Task objective
Give back an exact copy of the listing that follows, without the pictures.

Information shown

"""

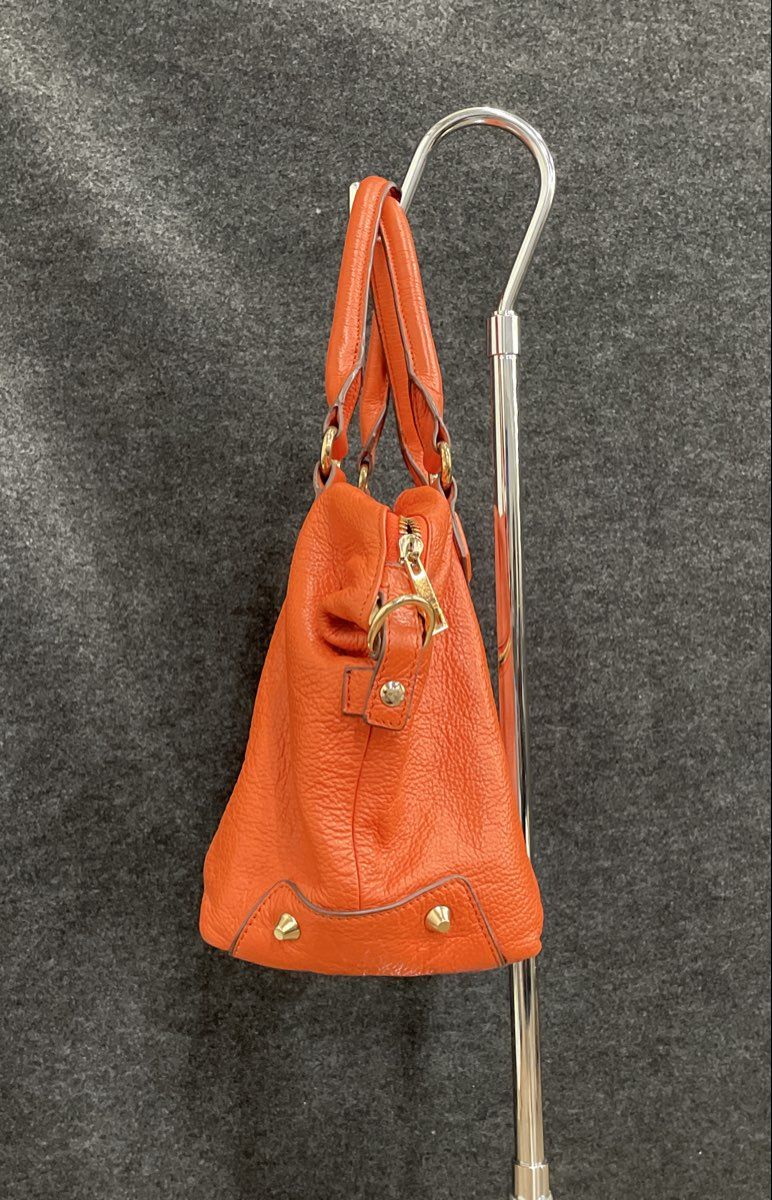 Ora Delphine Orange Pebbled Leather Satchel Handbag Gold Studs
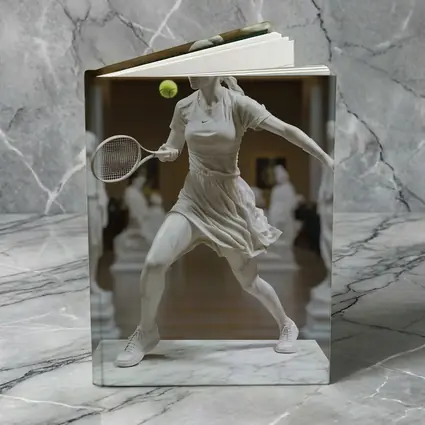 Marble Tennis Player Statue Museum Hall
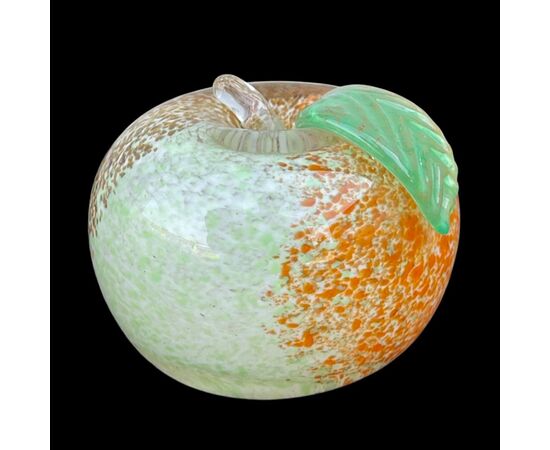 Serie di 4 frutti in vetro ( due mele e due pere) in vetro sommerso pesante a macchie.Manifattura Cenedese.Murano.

"""

Output below
 Ora Delphine Orange Pebbled Leather Satchel Handbag Gold Studs
 Marble Tennis Player Statue Museum Hall
 Serie di 4 frutti in vetro ( due mele e due pere) in vetro sommerso pesante a macchie.Manifattura Cenedese.Murano.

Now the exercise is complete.